“Jakarta sekarang sawah tidak ada. Dan sektor manufaktur sudah banyak pindah ke (daerah) yang UMR-nya lebih rendah karena ini terkait dengan production cost.”
“Dan yang tersisa adalah segmen-segmen untuk lowongan tenaga ahli, untuk S1 ke atas dan inipun realitanya tidak semua S1 bisa diserap di Jakarta. Kalau mau kita bicara, perusahaan-perusahaan dari kampus 10 besar atau 15 besar,” katanya dikutip dari program Sapa Indonesia Pagi di YouTube Kompas TV, Rabu (2/4/2025).
Justin mengatakan lapangan pekerjaan yang tersedia juga tidak mencukupi bagi angkatan kerja yang akan datang ke Jakarta.

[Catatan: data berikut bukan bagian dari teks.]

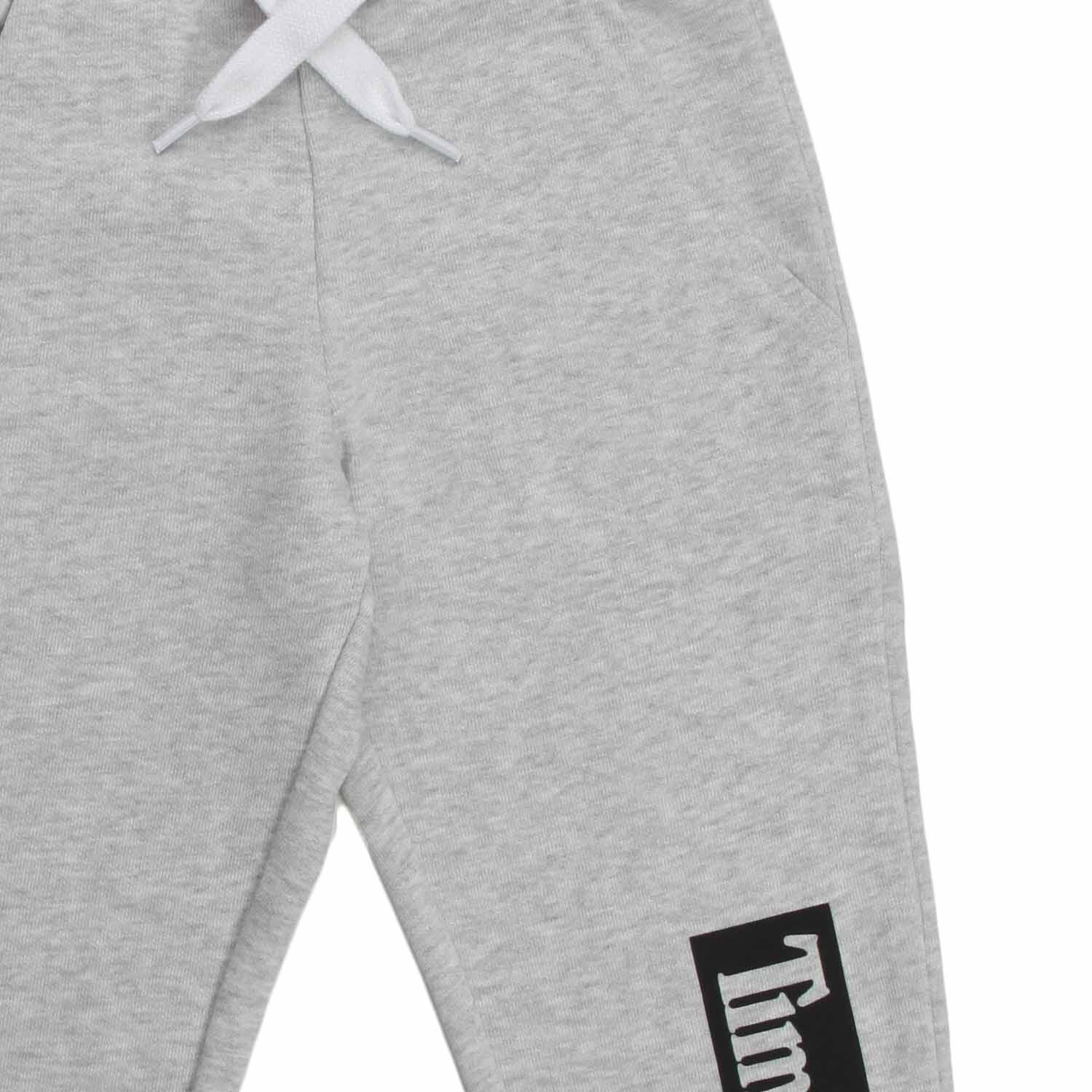 PANTALONE TUTA GRIGIO MELANGE BAMBINO - annameglio.com abbigliamento moda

“Untuk sektor formal, sekitar 11 juta masyarakat Jakarta sendiri, masih banyak yang pengangguran juga. Bahkan dari 11 juta ini, 5 juta mengajukan DTKS untuk KJP maupun lansia,” tuturnya.
Sementara, pengamat tata kota dari Universitas Trisakti, Yayat Supriyatna menuturkan tren ekonomi di Jakarta telah berpindah yaitu menjadi “kota online”.
Adapun yang dimaksud “kota online” adalah ekonomi Jakarta digerakan di sektor retail dan jasa transportasi.
“Jakarta itu adalah kota tersier. Data yang menunjukkan saat ini yang dominan di Jakarta kalau mau bekerja itu dalam konteks retail kecil dan besar dan jasa pelayanan di sektor transportasi atau motornya,” katanya.
Yayat juga mencatat adanya permasalahan baru soal kebijakan Pramono yang akan mendata pendatang terkait identitasnya.
Pasalnya, Pemprov Jakarta akan mengalami kesulitan akibat tren ekonomi yang sudah berpindah di mana Yayat menilai banyak pekerja yang menganggap bahwa Jakarta hanyalah tempat untuk mencari uang alih-alih sebagai tempat tinggal.
“Catatan yang paling menarik adalah Jakarta tengah membuat rancangan peraturan daerah baru di mana dikatakan Pak Pram masuk Jakarta harus identitasnya jelas.”
“Dia posisinya mau permanen, atau menjadi penduduk yang komuter, atau penduduk yang non permanen. Karena banyak yang masuk Jakarta itu ibaratnya numpang,” kata Yayat.